On Fri, 24 Jan 2020 08:39:41 +0100
Thomas Richter <tmricht@xxxxxxxxxxxxx> wrote:

> Test case 66 'Use vfs_getname probe to get syscall args filenames'
> is broken on s390, but works on x86. The test case fails with:
>
> [root@m35lp76 perf]# perf test -F 66
> 66: Use vfs_getname probe to get syscall args filenames
> :Recording open file:
> [ perf record: Woken up 1 times to write data ]
> [ perf record: Captured and wrote 0.004 MB /tmp/__perf_test.perf.data.TCdYj\
> (20 samples) ]
> Looking at perf.data file for vfs_getname records for the file we touched:
> FAILED!
> [root@m35lp76 perf]#
>
> The root cause of this failure has to do with
> commit 88903c464321c ("tracing/probe: Add ustring type for user-space string")
> and these changes:
> + if (strcmp(parg->type->name, "string") == 0)
> + fmt = ", __get_str(%s)";
> + else
> + fmt = ", REC->%s";
>

You confused me because those changes are not in commit 88903c464321c.
They are in 40b53b771806b ("tracing: probeevent: Add array type
support").

But reading what you wrote a second time, I'm assuming you mean the
user-space string changes and the above changes together make the
problem.

> On x86 __get_str() function is used to print the file name. This is ok
> for x86 because kernel and user space are in the same adddress space,
> the high bit of the address determines kernel vs user space addresses.
>
> This approach does not work on s390. On s390 kernel und user space are
> in different address spaces, both start with address 0x0. Which address
> space is currently active is stored in the processor status word (PSW).
>
> Therefore s390 must use 'ustring' for lookup of filename in the user
> space address space.
>
> Setting up the kprobe event using perf command:
>
> # ./perf probe "vfs_getname=getname_flags:72 pathname=filename:ustring"
>
> generates this format file:
> [root@m35lp76 perf]# cat /sys/kernel/debug/tracing/events/probe/\
> vfs_getname/format
> name: vfs_getname
> ID: 1172
> format:
> field:unsigned short common_type; offset:0; size:2; signed:0;
> field:unsigned char common_flags; offset:2; size:1; signed:0;
> field:unsigned char common_preempt_count; offset:3; size:1; signed:0;
> field:int common_pid; offset:4; size:4; signed:1;
>
> field:unsigned long __probe_ip; offset:8; size:8; signed:0;
> field:__data_loc char[] pathname; offset:16; size:4; signed:1;
>
> print fmt: "(%lx) pathname=\"%s\"", REC->__probe_ip, REC->pathname

Hmm, that format looks wrong.

> [root@m35lp76 perf]#
>
> The difference between 'ustring' and 'string' is the print fmt statement
> in the last line. Using 'string' generates
>
> print fmt: "(%lx) pathname=\"%s\"", REC->__probe_ip, __get_str(pathname)
>
> This does not work on s390 because __get_str() function does not
> know the address space currently being used.

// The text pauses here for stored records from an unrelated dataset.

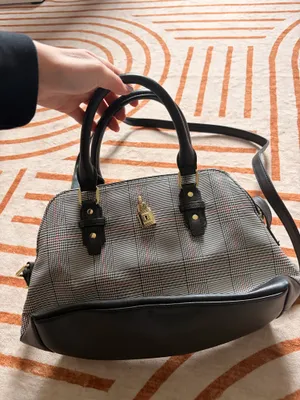 Black and White Purse thumbnail 2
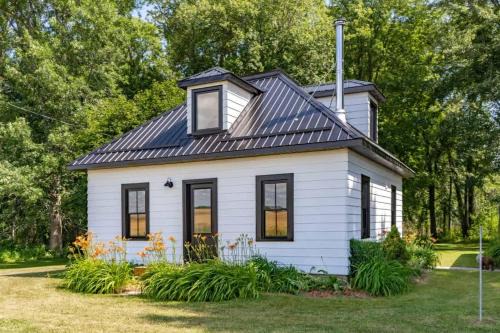 Hillier House | Carson's Creek - Carson's Creek - Serene Yard and Hot Tub ST-2021-0126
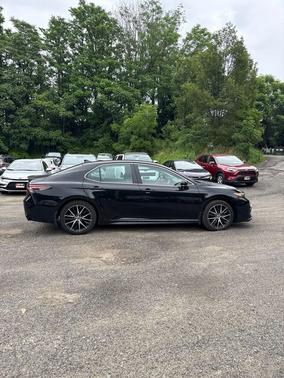 Midnight Black Metallic 2023 Toyota Camry SE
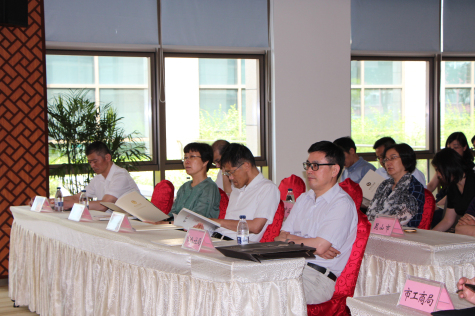 参加“全市构建和谐劳动关系建设推进会” 领导走进MK体育科技园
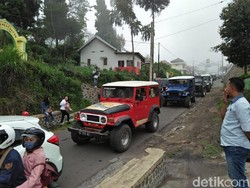 Libur Tahun Baru, Jalur Wisata Gunung Bromo Macet Panjang
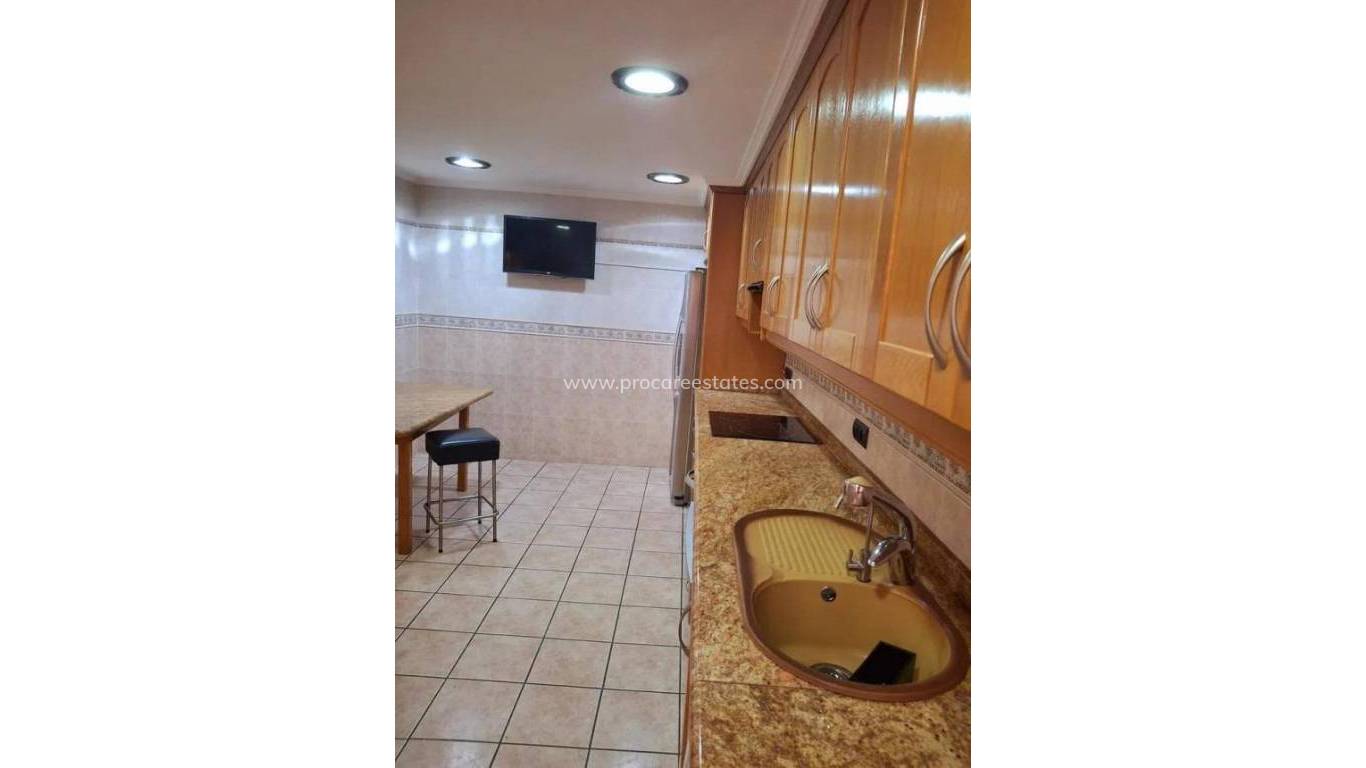 Resale - Apartment - Santa Pola - Eroski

I don't think this is the issue, as __get_str() is just a way to handle
dynamic sized strings in the ring buffer. It shouldn't care about
kernel vs user space addresses at all.

>
> This is the command to generate the perf.data file:
>
> # ./perf record -e probe:vfs_getname -- touch /tmp/xxx
>
> This command creates the perf.data file which contains the contents
> for the kprobe event format file. The call chain is:
>
> main
> ....
> perf_session__open
> perf_header__process_sections (feature 1 tracing)
> perf_file_section__process
> trace_report
> read_event_files
> read_event_file
> parse_event_file
> tep_parse_event --> now in lib/traceevent/event-parse.c
> __parse_event
> tep_parse_format
> event_read_format
> event_read_print
> event_read_print_args
> process_args
> process_arg_token --> processes REC->xxx entry of event format file
> 'print fmt' line
> process_entry --> generates argument of type TEP_PRINT_FIELD entry
> with TEP_FIELD_IS_STRING set in arg->field.field->flags
> member
>
> Now the difference in the format file between
> [x86] print fmt: "(%lx) pathname=\"%s\"", ..., __get_str(pathname)
> and
> [s390] print fmt: "(%lx) pathname=\"%s\"", ..., REC->pathname
> comes into play.
>
> In the x86 case the function process_arg_token()
> handles in the case TEP_EVENT_ITEM the token "__get_str" and calls
> functions
>
> process_function()
> +--> process_str()
>
> and creates a print argument structure struct tep_print_arg with
> type TEP_PRINT_STRING.
> This is handled correctly when perf report later prints the argument using
> function print_str_arg() in file lib/traceevent/event-parse.c
> I omit the 35+ plus function call stack of the gdb where command.
>
> In the s390 case the function process_arg_token()
> handles in the case TEP_EVENT_ITEM the token "REC" and calls
> function
> process_entry()
>
> This creates a print argument structure struct tep_print_arg with
> type TEP_PRINT_FIELD and bit TEP_FIELD_IS_STRING set in flags.
>
> This is handled ***incorrectly** when perf report later prints the
> argument using function print_str_arg() in file
> lib/traceevent/event-parse.c. There is no support to print a string
> when type is TEP_PRINT_FIELD and bit TEP_FIELD_IS_STRING inflags is set.
> Again I omit the 35+ plus function call stack of the gdb where command.
>
> Output before:
> [root@m35lp76 perf]# perf report --stdio | egrep '^(# Samp| +[1-9.])+'
> # Samples: 20 of event 'probe:vfs_getname'
> 100.00% (4d2c32) pathname=""
>
> Output after:
> [root@m35lp76 perf]# ./perf report --stdio | egrep '^(# Samp| +[1-9.])+'
> # Samples: 20 of event 'probe:vfs_getname'
> 5.00% (4d2c32) pathname="/etc/ld.so.cache"
> 5.00% (4d2c32) pathname="/etc/ld.so.preload"
> 5.00% (4d2c32) pathname="/lib64/libc.so.6"
> 5.00% (4d2c32) pathname="/tmp/xxx"
> 5.00% (4d2c32) pathname="/usr/lib/locale/en_US.utf8/LC_ADDRESS"
> 5.00% (4d2c32) pathname="/usr/lib/locale/en_US.utf8/LC_COLLATE"
> 5.00% (4d2c32) pathname="/usr/lib/locale/en_US.utf8/LC_CTYPE"
> 5.00% (4d2c32) pathname="/usr/lib/locale/en_US.utf8/LC_IDENTIFICATION"
> 5.00% (4d2c32) pathname="/usr/lib/locale/en_US.utf8/LC_MEASUREMENT"
> 5.00% (4d2c32) pathname="/usr/lib/locale/en_US.utf8/LC_MESSAGES"
> 5.00% (4d2c32) pathname="/usr/lib/locale/en_US.utf8/LC_MESSAGES/SYS_LC_MESSAGES"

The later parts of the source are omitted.